Directions
What is needed is every line from the one holding "39W973 Crosscreek Lane, Saint" to the last line of the data below, printed exactly and without pictures.

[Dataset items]
Segment Open

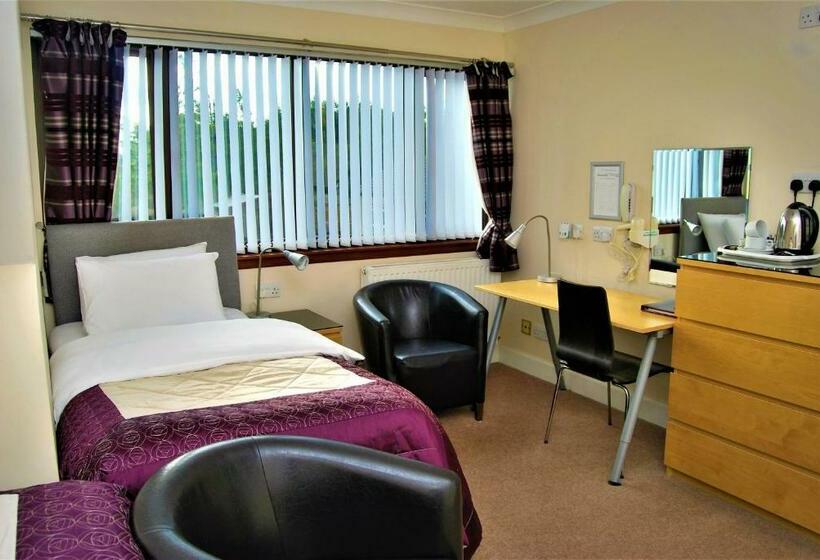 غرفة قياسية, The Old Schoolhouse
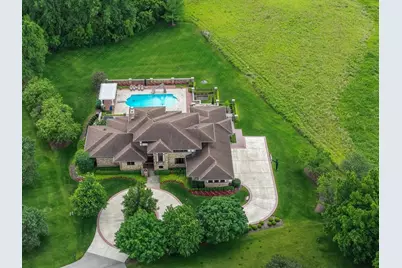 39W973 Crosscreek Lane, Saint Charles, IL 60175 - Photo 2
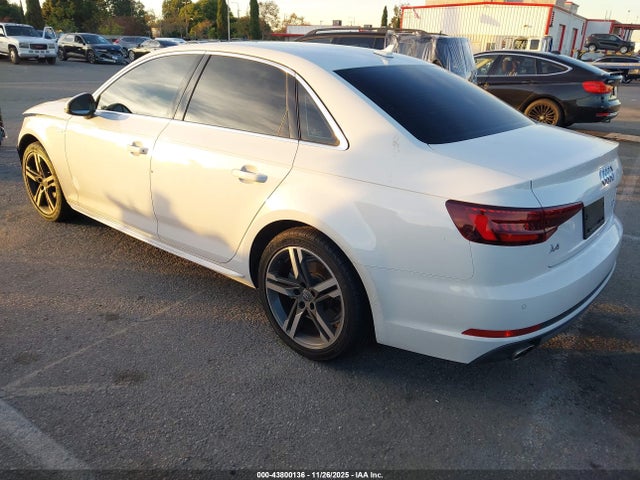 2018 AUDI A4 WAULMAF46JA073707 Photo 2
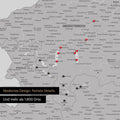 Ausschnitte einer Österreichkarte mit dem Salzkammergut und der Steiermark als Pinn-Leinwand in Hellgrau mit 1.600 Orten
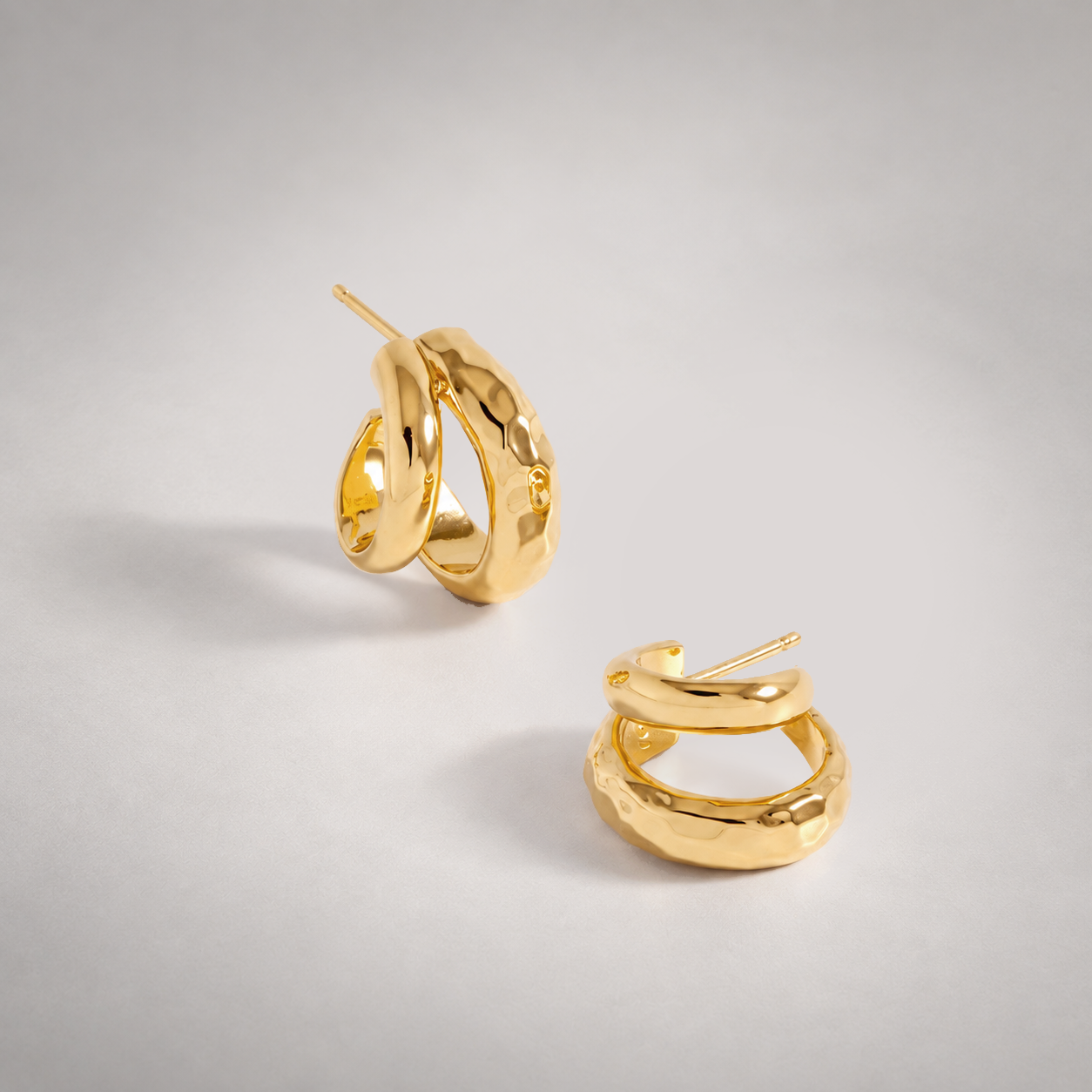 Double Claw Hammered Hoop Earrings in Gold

Segment Closed

Response to the task
 39W973 Crosscreek Lane, Saint Charles, IL 60175 - Photo 2
 2018 AUDI A4 WAULMAF46JA073707 Photo 2
 Ausschnitte einer Österreichkarte mit dem Salzkammergut und der Steiermark als Pinn-Leinwand in Hellgrau mit 1.600 Orten
 Double Claw Hammered Hoop Earrings in Gold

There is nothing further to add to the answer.